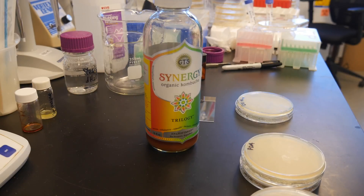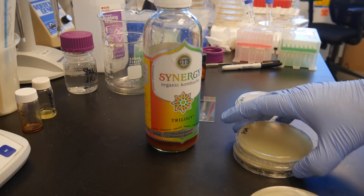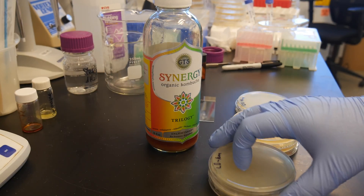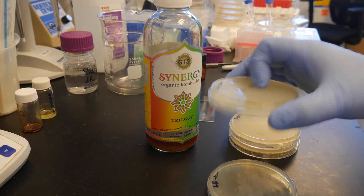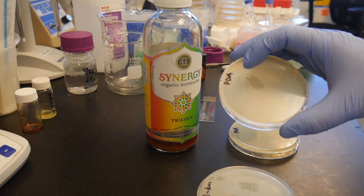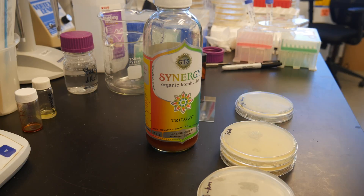All you need to do to see what's inside is take a swab. I have three different kinds of media. One is LB, which is probably going to be good for the Bacillus. One is PDA, potato dextrose agar, which is hopefully going to be better for the fungi, the yeast.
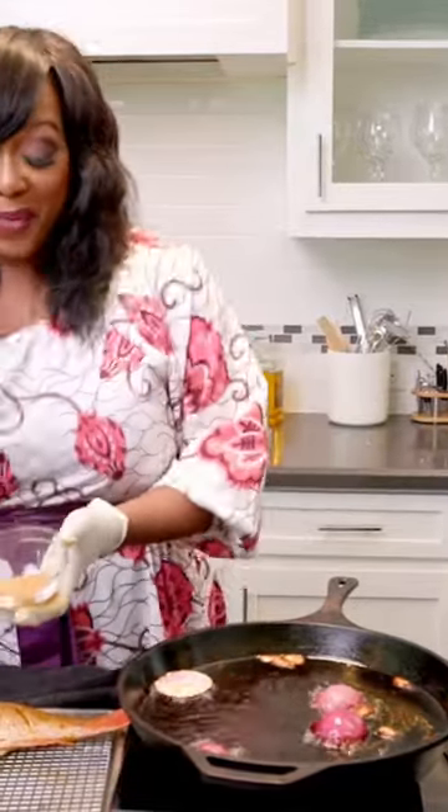But back to the seasoning. A dab of Julia. I got some curry, some thyme, and I have a little bit of chicken bouillon in there as well.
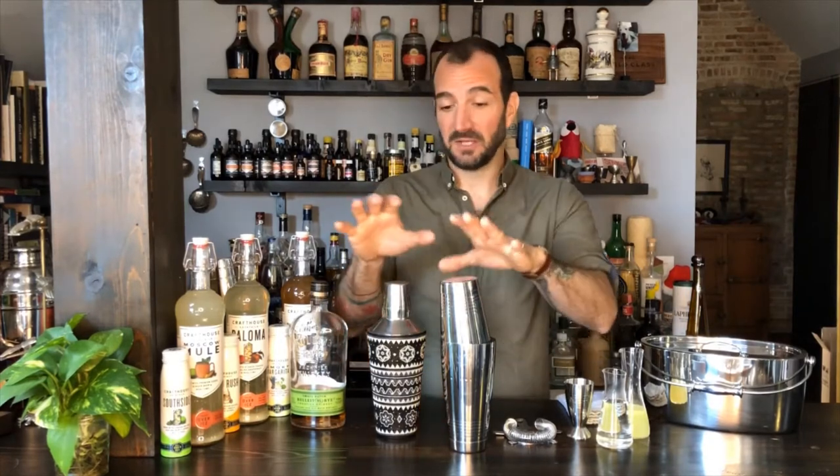Let's talk about one of the fundamental skills when it comes to building cocktails, and that is shaking. We have a couple options when it comes to the type of cocktail shaker we can use. If you're building cocktails at home and you don't have either one of these that you see on top of my bar right now, that's okay. We'll talk about some options if you don't have a bar tool set at home.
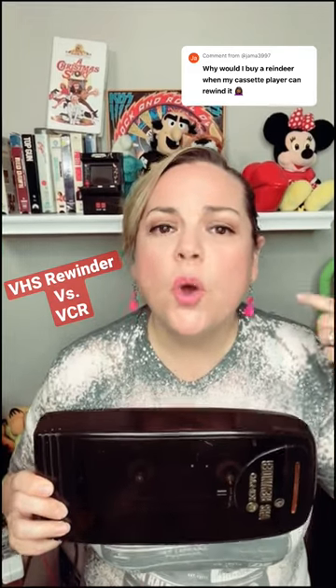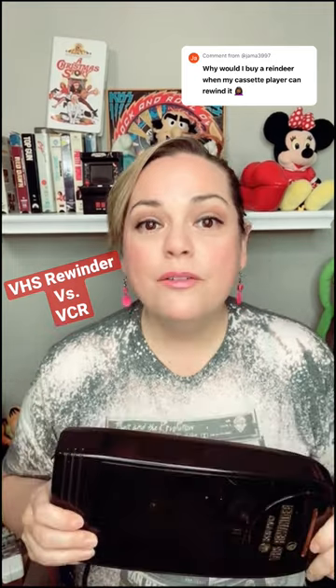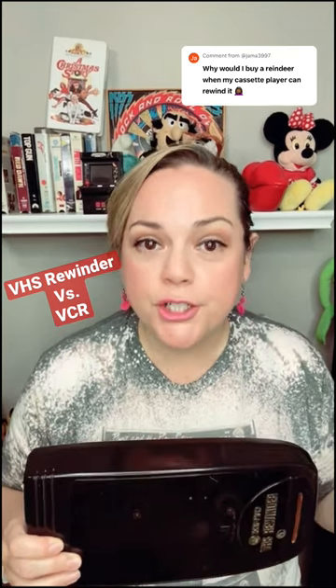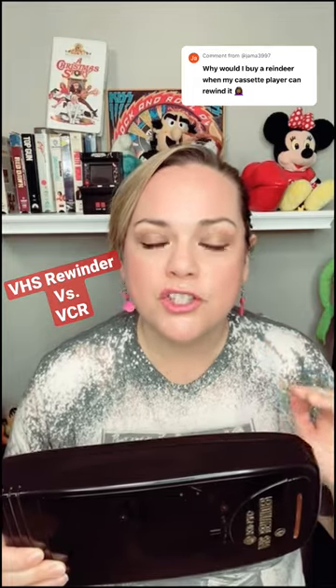In one of my last videos, a lot of you asked: why would you want to buy a VHS rewinder when the VCR had the rewind function? For a couple of reasons. Reason number one, they used to tell us that rewinding on the VCR could possibly break your VCR. Number two, using the rewinder was so much faster.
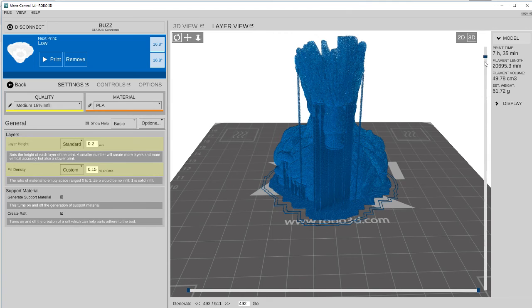We have his layers here. If we wanted to, we could go down through his layers and show him off. As we can see here, it says it's going to take 7 hours and 35 minutes to print. That was 20,695 millimeters of material, which is 61.72 grams. So he's going to take a little bit of time and a little bit of material, but he'll be well worth it.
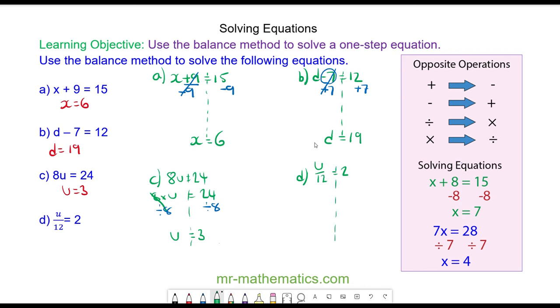For question D, I'm going to rewrite this as U divided by 12 is equal to 12. The opposite of divide by 12 is times by 12, so the divide 12 and times 12 will cancel to make 1. So U is equal to 2 times 12, which is 24. Thank you for watching, I hope you found that useful. Thanks again and take care.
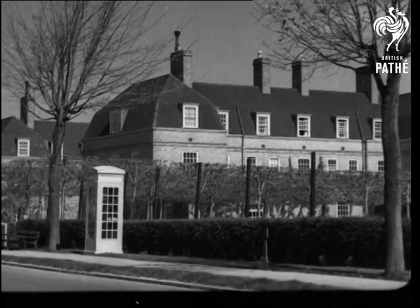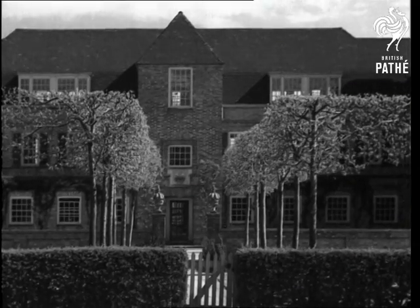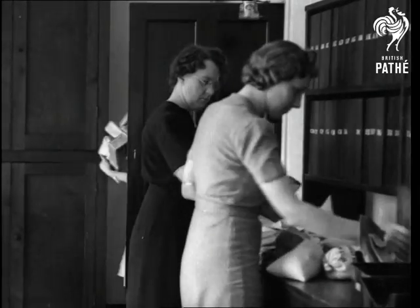Unlike those gentlemen, we'll run to seed — actually to the official seed testing station at Cambridge, where seeds for testing come from all parts of the country.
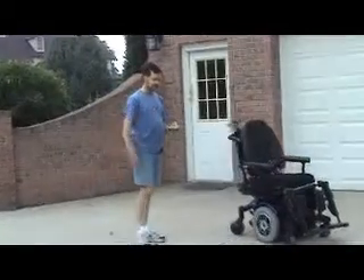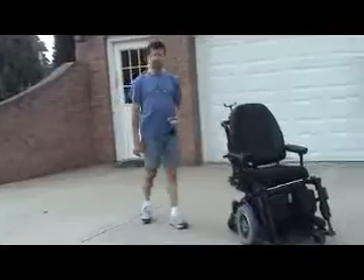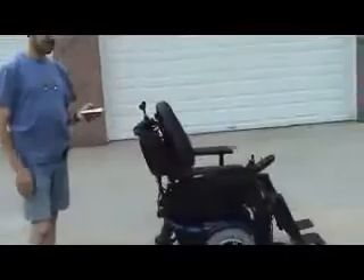It's in a right turn — I'll hit straight now. Now you can see the chair is going straight. I'll hit left. Now it's looping around to the left.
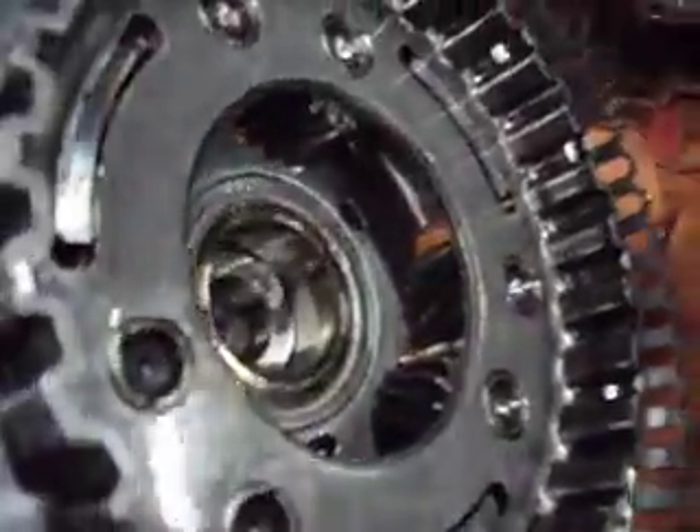No problems there, and no pitting on any of these surfaces. If we flip this over, everything in there looks clean and shiny. I don't see any damage here. This transmission has about 100,000 miles on it, and everything actually looked really clean.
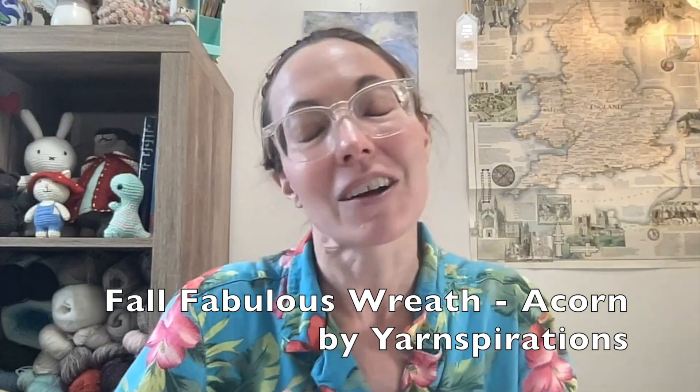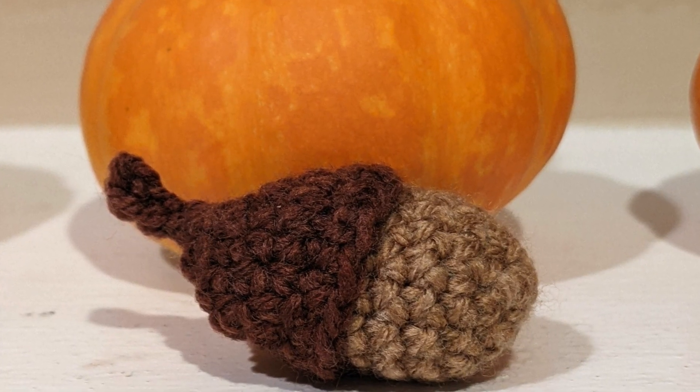The next acorn comes from a Yarnspirations pattern. As with all things Crochet Crowd, when you find a video tutorial there's always a link to a free pattern from Yarnspirations. This one comes from the Fall Fabulous Wreath — there are a lot of different elements in that wreath you could use for a garland, not just a wreath, but I chose the acorn. You can see this acorn is a little bit bigger and a little bit rounder, but just as in nature there are many varieties of oak trees producing acorns of different sizes and shapes. I'll have it linked below.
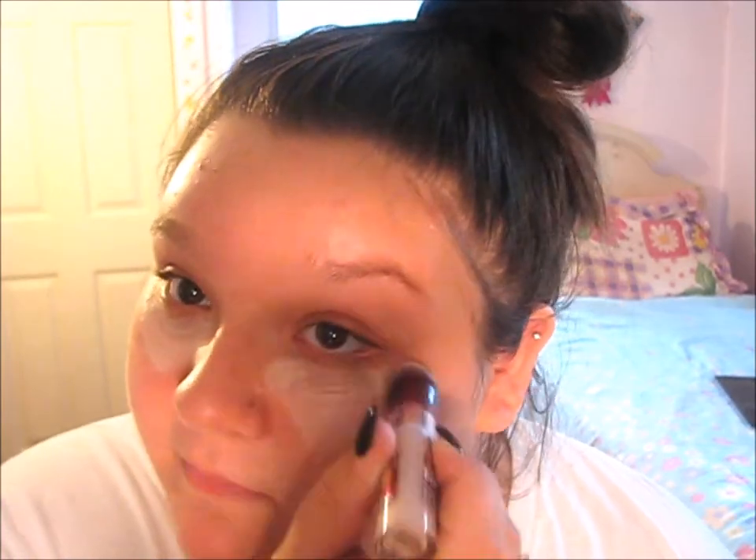Hi guys! Starting off, I'm going to be using the Maybelline Instant Age Rewind Concealer. Since I am skipping foundation totally, I'm just going to put this under my eyes to cancel out any under-eye circles and to lighten up my face a little bit. Now I'm just going to take my fingers and blend it underneath my eyes so it's all blended and not cakey looking.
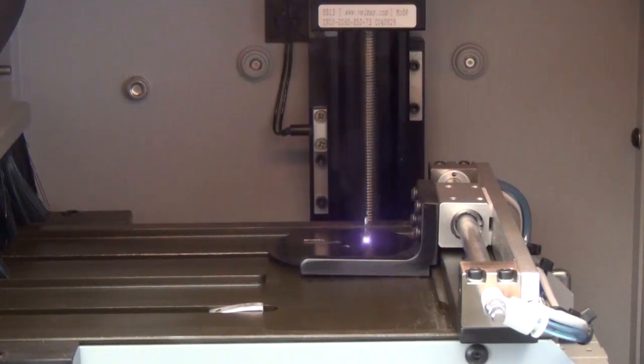It's a galvo-driven system, so we're using mirrors to direct the beam instead of actually moving the whole laser head around, which increases mark quality and the speed of the mark.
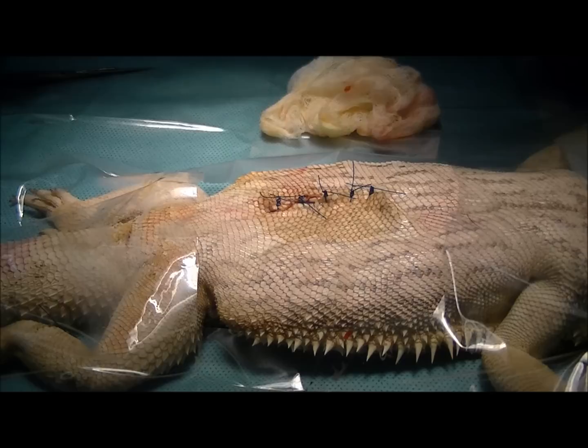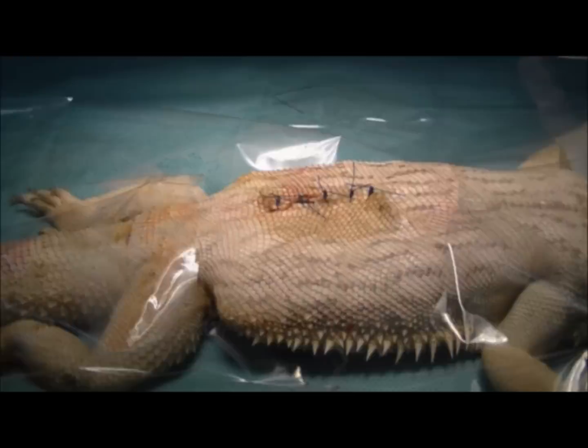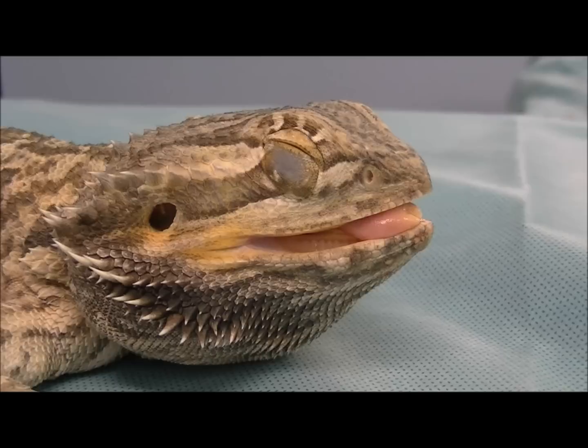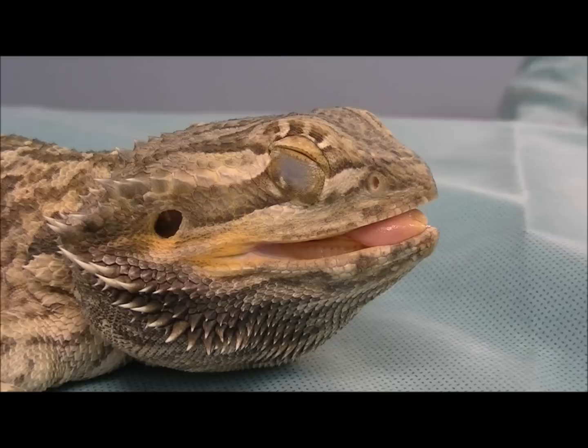And that's how you desex a dragon. We're going to let her wake up now. We'll give her some pain relief and some fluids just to help maintain her blood pressure. I expect her to make a full recovery. Here's Icy — she's woken up from the anaesthetic and has her endotracheal tube out. She's still a little worse for wear with her eyes shut and her tongue hanging out, but we'll let her wake up a bit more and she'll go home this afternoon.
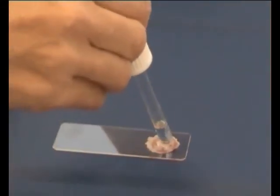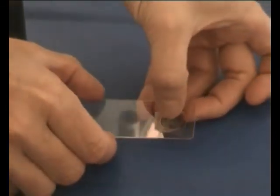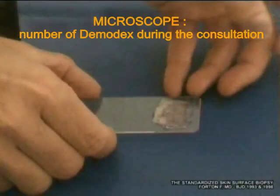After removal from the skin, the sample is clarified with 2-3 drops of immersion oil and then covered with a coverslip. We can then go to the microscope and count the number of demodex during the consultation.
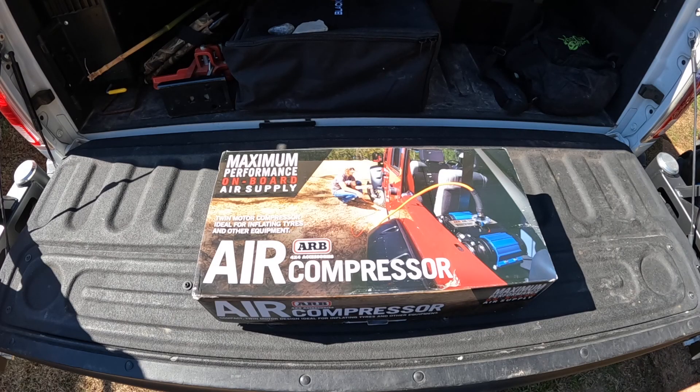Last weekend was my birthday and the wife surprised me with an ARB Twin Air compressor — something I've been looking at for a long time. My current air setup is a Vive Air, which is light, portable, and convenient, but it just doesn't have the output needed to get these 35s aired up in a timely manner. This was definitely a surprise because it's been on my to-get list for some time.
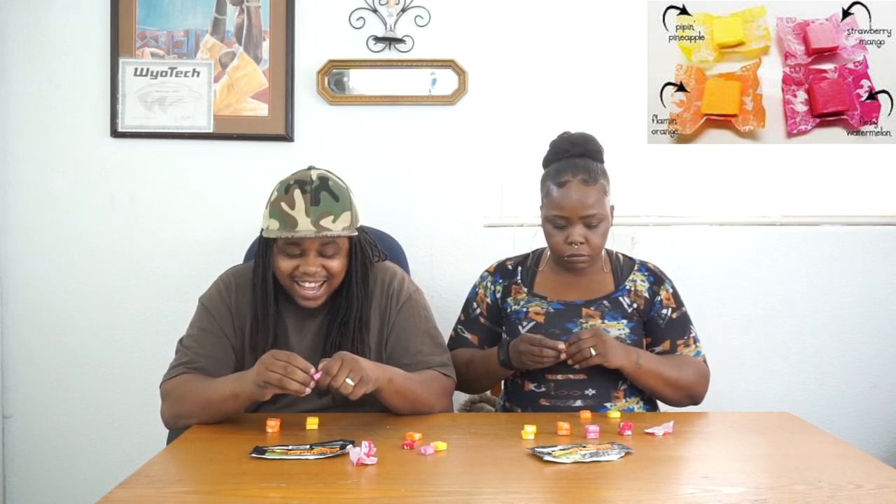So now we're eating a pink one — this is called the Strawberry Mango. By the way, I just gotta let y'all know it is my birthday! So make sure y'all put in the comment section 'Happy Birthday' to your boy Twy. All right, let's start off with this one.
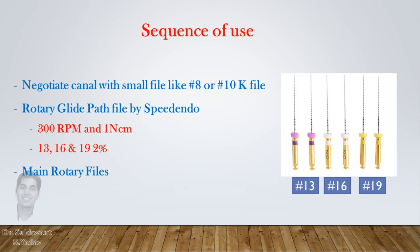In narrow canals, you can use all of them in sequence to gradually prepare the canal, which will avoid complications like instrument fracture or canal blockage. In wide canals, any of them can be used. A speed of 300 rpm and torque of 1 Nm is appropriate for these files. Once the canal path is smooth, it is ready for the main rotary file set.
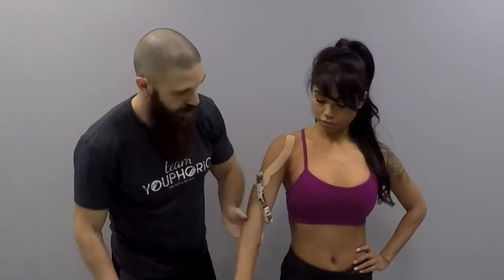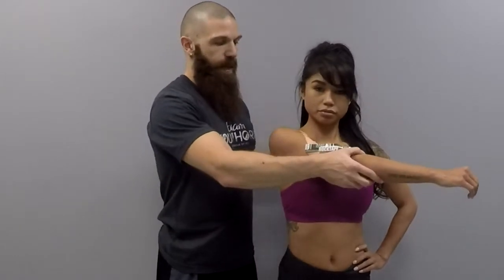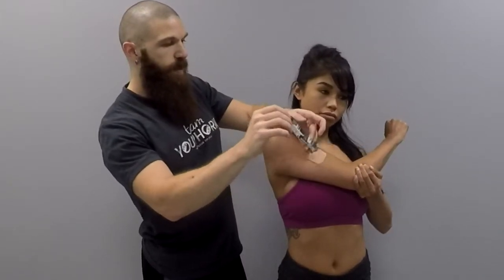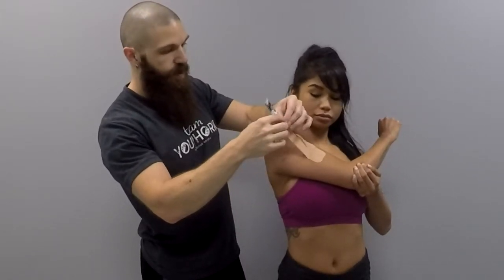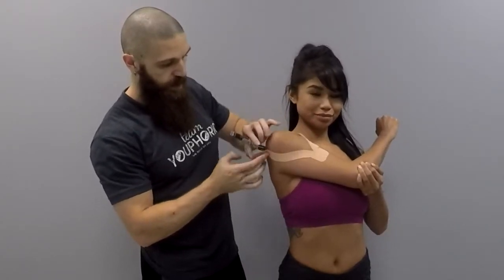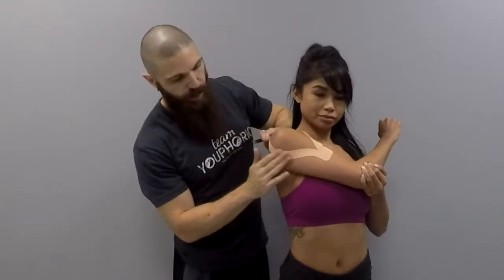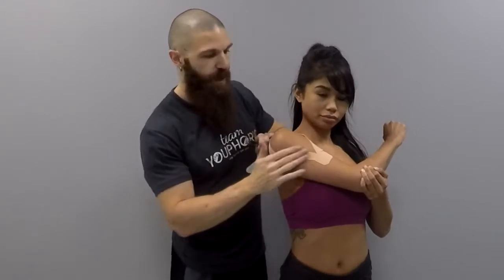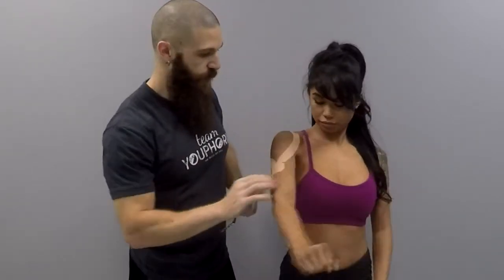Then we will take them into flexion and adduction — get them to hold their arm towards their chest as much as possible. You are going to trace the posterior deltoid with very little tension, activating the adhesive and making sure that the end has no tension in it at all. Then have the client relax their arm.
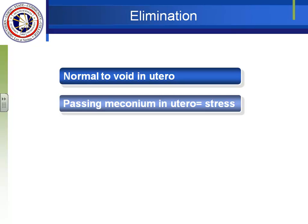Moving to the elimination system: it is normal for babies to void in utero — they add volume to the amniotic fluid as part of its exchange. The amniotic fluid is not static; it is constantly changing, which is why we can do amniocentesis to determine how the baby is doing. The fluid is constantly being changed because the baby swallows it and then pees into it, in addition to the mother producing it.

What is needed: Look through the material above. Transcribe exactly the lines between the ones with "Unlike those gentlemen, we'll" and "It's in a right", inclusive, and keep pictures out.

Reply:
Unlike those gentlemen, we'll run to seed — actually to the official seed testing station at Cambridge, where seeds for testing come from all parts of the country.
It's in a right turn — I'll hit straight now. Now you can see the chair is going straight. I'll hit left. Now it's looping around to the left.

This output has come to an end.